Le indagini condotte dai Carabinieri della sezione radiomobile di Giugliano pongono nuove domande sulla dinamica dell’accaduto. L’assenza di segni di effrazione evidenzierebbe la pianificazione precisa dell’operazione. Fonti investigative suggeriscono che il furto potrebbe essere il risultato di una commissione, volto a rimuovere prove di frodi più ampie legate all’attività di Angelo Napolitano, noto imprenditore e influencer social.
Napolitano, fondatore del marchio “Napolitano Store”, è già sotto inchiesta per frode fiscale e altre irregolarità. In attesa del processo, fissato per l’inizio di ottobre presso il Tribunale di Nola, il colpo subìto dalle vendite giudiziarie offre uno spaccato inquietante del suo impero commerciale, cresciuto rapidamente grazie a pratiche di vendita aggressive e sospette. La Procura di Nola ha già avviato accertamenti su un presunto sistema di evasione fiscale, con contestazioni che ammontano a oltre 5,7 milioni di euro.
Le accuse includono pratiche come la creazione di fatture false e un sistema di doppia contabilità che consente forti sconti a clienti che scelgono pagamenti in contante. Il quadro indiziario ha già portato al sequestro di beni per un valore di circa 6 milioni di euro, tra cui immobili e esercizi commerciali.

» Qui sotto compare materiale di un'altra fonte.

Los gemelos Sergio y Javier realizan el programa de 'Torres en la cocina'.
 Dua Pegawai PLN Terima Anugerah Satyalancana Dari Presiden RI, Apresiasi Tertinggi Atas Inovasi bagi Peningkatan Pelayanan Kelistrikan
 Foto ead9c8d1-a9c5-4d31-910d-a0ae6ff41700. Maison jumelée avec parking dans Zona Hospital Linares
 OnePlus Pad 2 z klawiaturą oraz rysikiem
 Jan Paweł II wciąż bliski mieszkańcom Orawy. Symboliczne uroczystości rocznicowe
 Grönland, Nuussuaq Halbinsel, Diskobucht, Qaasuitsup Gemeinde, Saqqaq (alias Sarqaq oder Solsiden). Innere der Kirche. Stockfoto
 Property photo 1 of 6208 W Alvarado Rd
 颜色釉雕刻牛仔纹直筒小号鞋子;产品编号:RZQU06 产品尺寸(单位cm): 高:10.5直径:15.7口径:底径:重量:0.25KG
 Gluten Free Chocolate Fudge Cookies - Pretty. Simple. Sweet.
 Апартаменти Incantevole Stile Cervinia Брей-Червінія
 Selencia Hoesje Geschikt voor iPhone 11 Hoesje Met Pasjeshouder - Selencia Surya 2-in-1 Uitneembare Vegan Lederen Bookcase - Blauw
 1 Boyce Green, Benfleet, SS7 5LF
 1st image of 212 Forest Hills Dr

La concomitanza del furto con l’attesa del processo complica ulteriormente la situazione per Napolitano, costringendo le autorità a intensificare le indagini per scoprire i dettagli di questo colpo mirato. Mentre i Carabinieri continuano a lavorare per identificare i responsabili, l’epilogo di questa vicenda appare sempre più intricato, con potenziali implicazioni per la gestione finanziaria del “Napolitano Store” e le sue pratiche commerciali.
Secondo quanto riportato da www.cronachedellacampania.it, il rischio di ulteriori sviluppi resta elevato, rendendo questo caso una questione da monitorare attentamente nei prossimi giorni.